* _Data section_
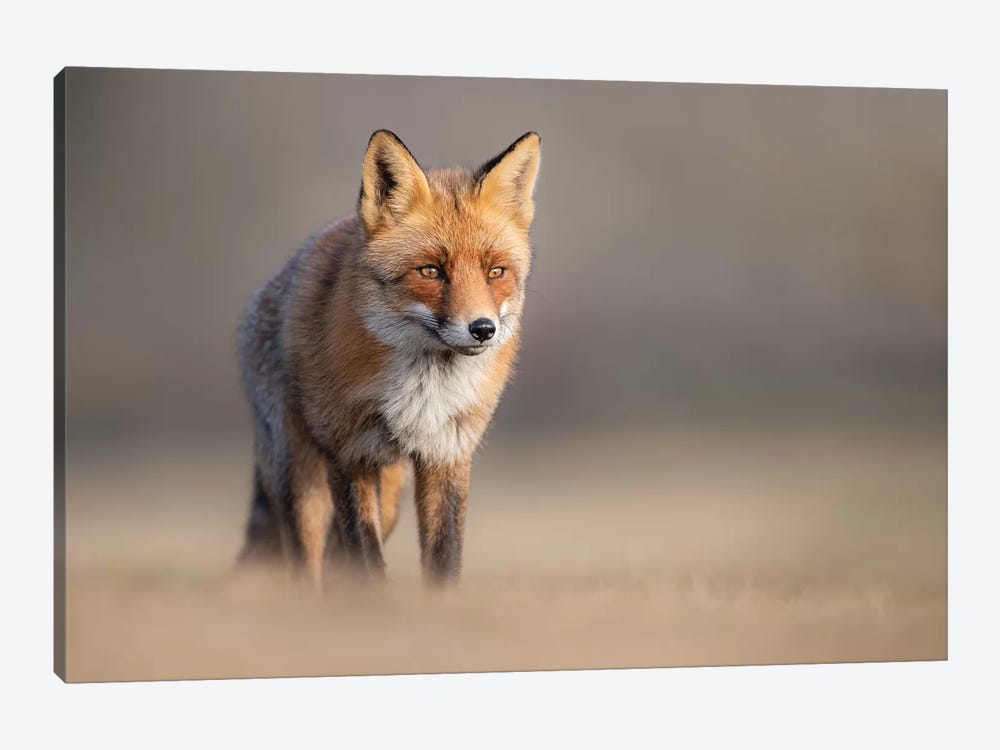 Red Fox In Field II by Dick van Duijn 1-piece Canvas Print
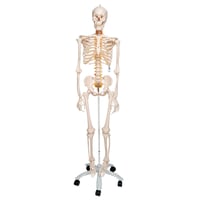 Fred Deluxe Anatomical Skeleton - Squelette flexible sur support à cinq pattes avec roues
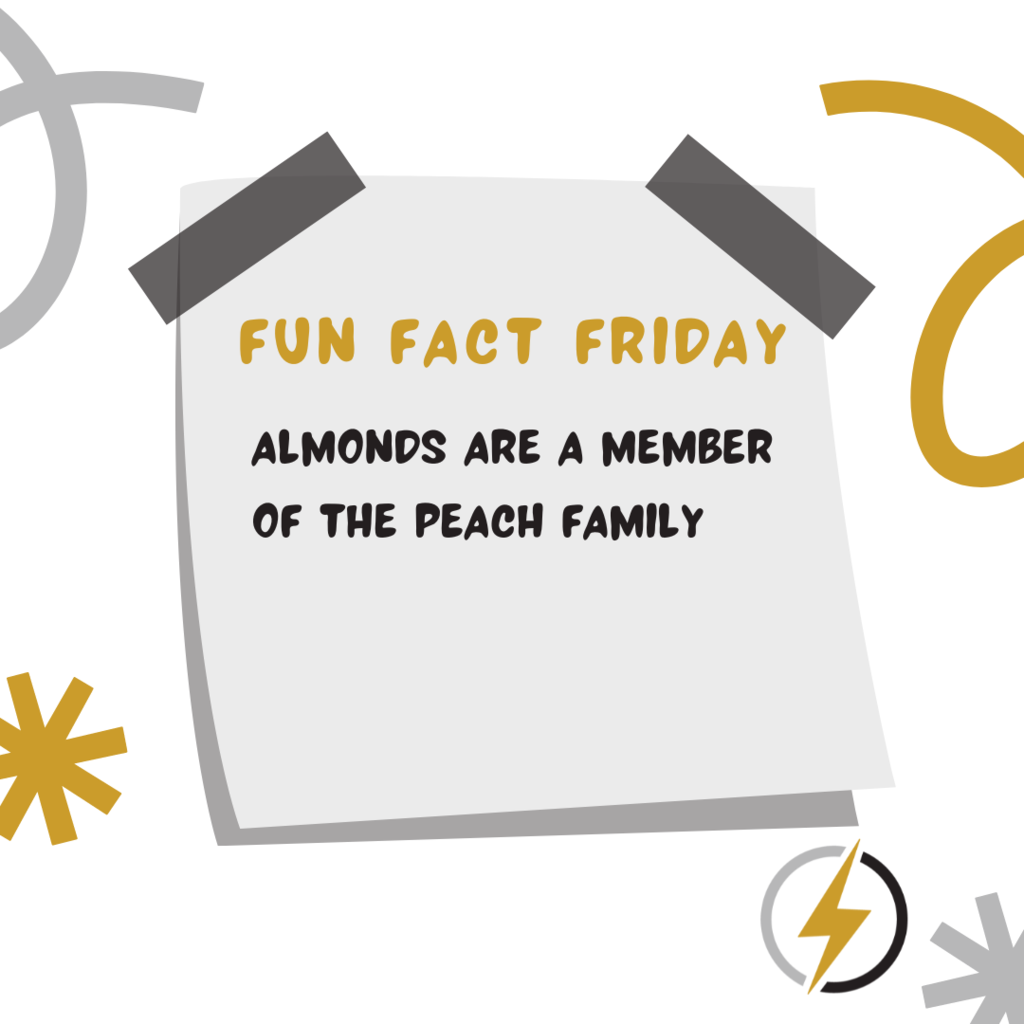 #FunFactFriday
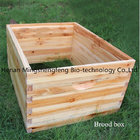 Auto Flow Frame for Honey Comb Langstroth Beehive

* _Exercise prompt_
Extract the full listing exactly, with the pictures left out.

* _Response area_
 Red Fox In Field II by Dick van Duijn 1-piece Canvas Print
 Fred Deluxe Anatomical Skeleton - Squelette flexible sur support à cinq pattes avec roues
 #FunFactFriday
 Auto Flow Frame for Honey Comb Langstroth Beehive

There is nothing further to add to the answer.